Liver transplant surgeries at Aiims are being done at the rate of roughly 0.7 a year, when every year at least 60,000 persons in the country are in the waiting.

"It is sad that our liver transplant programme hasn't succeeded. We have the doctors as well as a great set-up but the transplant programme is still in its experimental phase," said an administrative official at Aiims.

HT tried contacting Dr TK Chattopadhyay, head of the liver transplantation at Aiims but received no response, both from his office and home.
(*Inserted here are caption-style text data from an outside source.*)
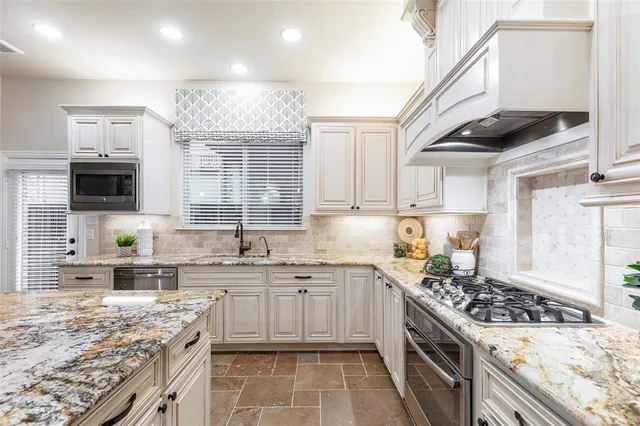 a kitchen with a sink stove top oven and cabinets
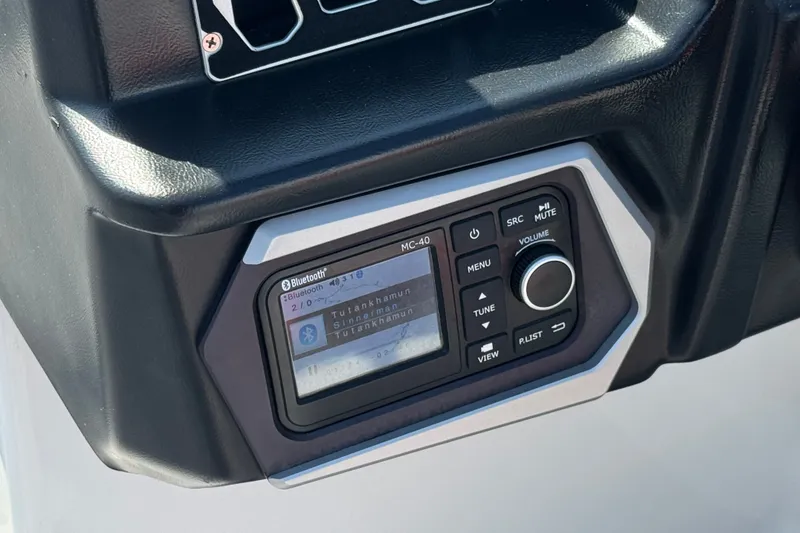Slide: The Image of 2022 Axis T23 boat dashboard with Bluetooth stereo system and control panel. - 30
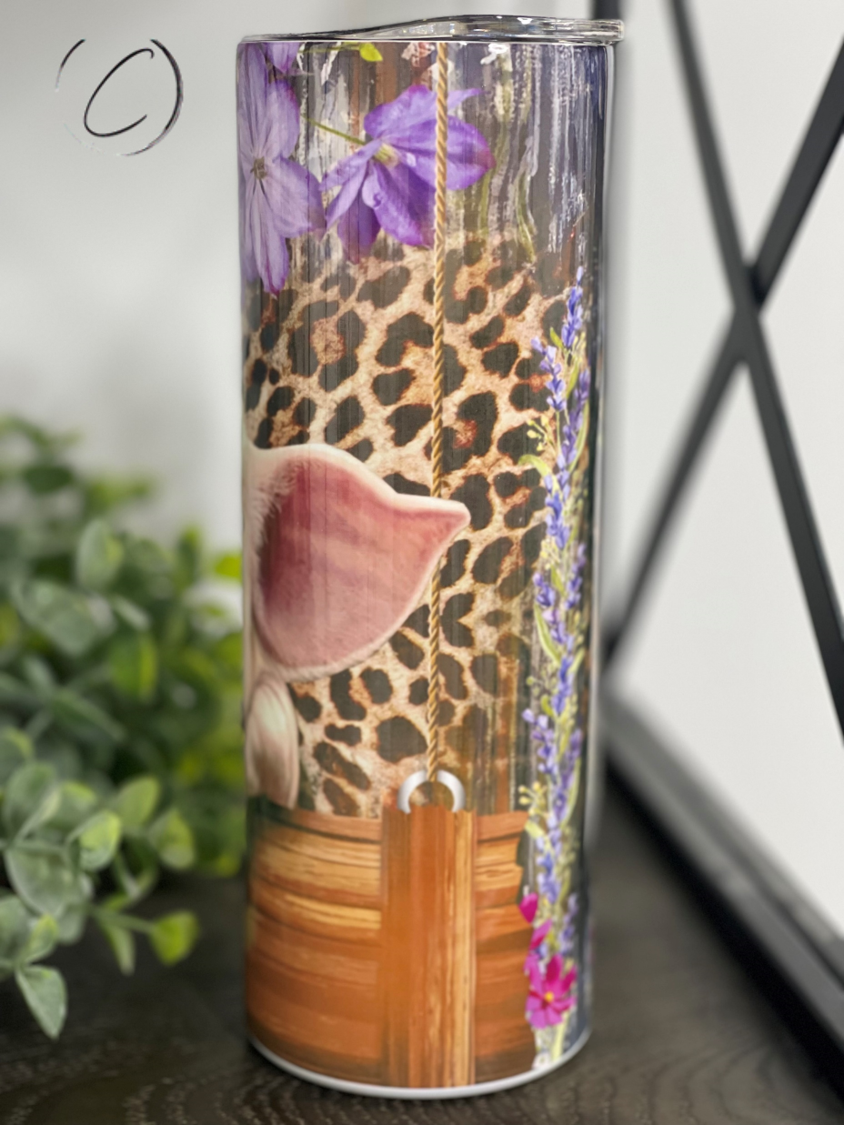 Lavender Leopard Piglet 20oz Skinny Tumbler with a stylish leopard print design and reusable straw.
GB Pant Hospital — a Delhi government run super specialty hospital — near Delhi Gate has also been talking of starting liver transplant surgeries for last two years. "We were waiting for the sanction from the health ministry. We have got a go-ahead for cadaver transplants this month and we should do our first surgery in August," said an administrative official, unwilling to be quoted.

The only government set-up offering the procedure in Delhi is Institute of Liver and Biliary Sciences (ILBS) in Vasant Kunj which started its liver transplant programme in 2010 have done 15 transplants so far. The surgery cost at ILBS is about R10 lakh. "We've had about 70% success rate. We had about 250 people in the list but because of constraints like donor unavailability, monetary problems and physical unfitness, several patients did not qualify for transplant," said SK Sarin, director, ILBS.